Judge Schroeder relies on Wilkins v. Erickson, 505 F.2d 761, 764-65 (9th Cir.1974) to excuse the district court’s failure to determine whether McWilliams was aware of the three Boykin rights when he pleaded guilty. Wilkins held that Boykin does not require articulation on the record of the constitutional rights waived by the guilty plea. Wilkins, 505 F.2d at 763. Instead, the district court may hold a hearing to determine if the plea was intelligently and voluntarily made. Id. at 765. In finding that the plea was voluntary, however, Wilkins relied on the fact that the state trial record showed that “Wilkins was not only aware of the rights discussed in Boykin, but was fully aware of the consequences of waiving them.” Id. at 764. This court has held that a plea can be voluntary where the defendant is not informed of his Boykin rights on the record, but it has never held that a plea made absent awareness of those rights is voluntary.

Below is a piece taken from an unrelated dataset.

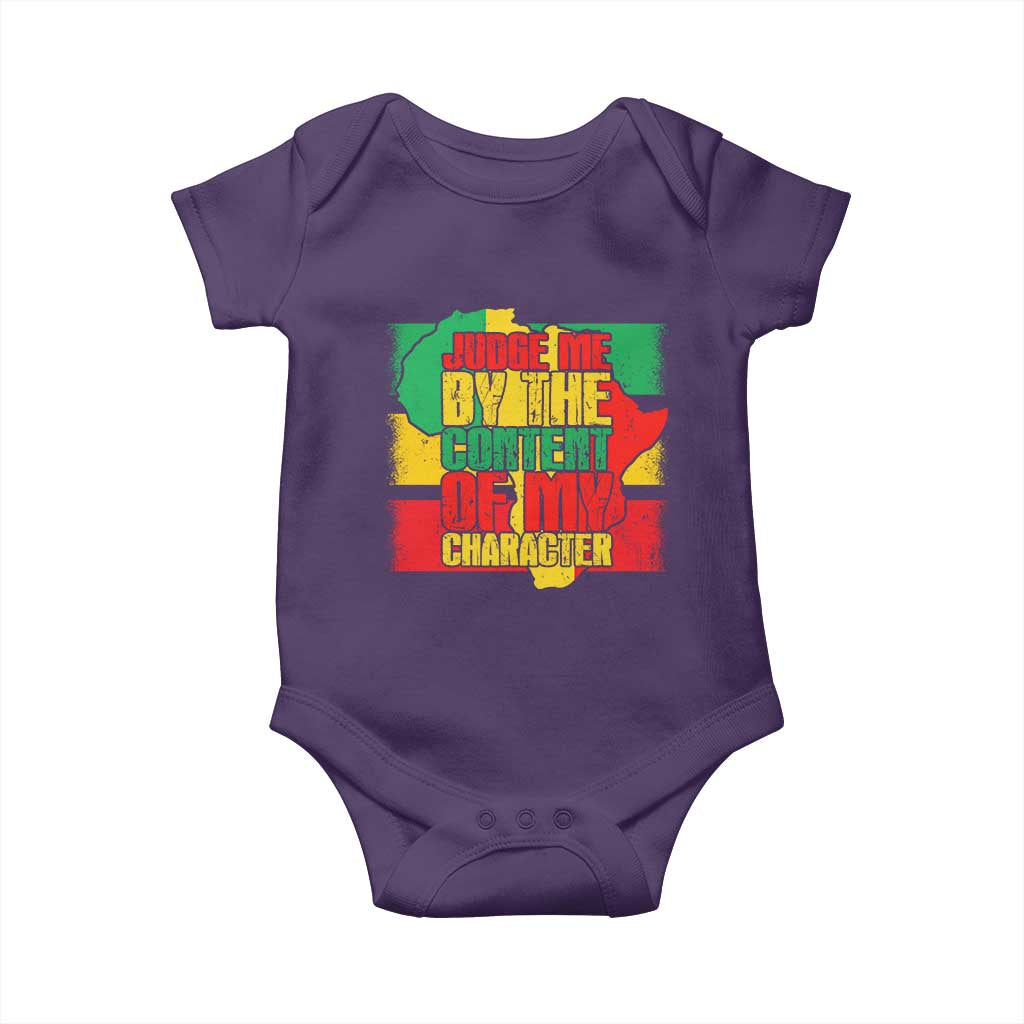 MLK Day Judge Me By The Content Of My Character Baby Onesie Martin Luther King Africa Map Black History Month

Boykin did not create a new constitutional standard for the voluntariness of guilty pleas; it merely pronounced an automatic reversal rule for pleas taken without a record demonstrating the defendant was aware of these rights when he pleaded. See Brady v. United States, 397 U.S. 742, 747-48 n. 4, 90 S.Ct. 1463, 1468 n. 4, 25 L.Ed.2d 747 (1970). Although the record requirement is not retroactive, pre-Boykin pleas are involuntary unless the defendant had the “requisite awareness” to enter a voluntary plea. See Myers, 451 F.2d at 408. This court has recognized that requisite awareness includes knowledge of the three Boykin rights.
In Pricepaul we specifically noted that even though Boykin was not retroactive, a prior guilty plea could not be used to prove a firearms violation unless the government showed the Boykin rights were voluntarily and intelligently waived. 540 F.2d at 422-24 and n. 3. See also United States v. Goodheim, 686 F.2d 776, 777 (9th Cir.1982); United States v. Freed, 703 F.2d 394, 395 (9th Cir.1983).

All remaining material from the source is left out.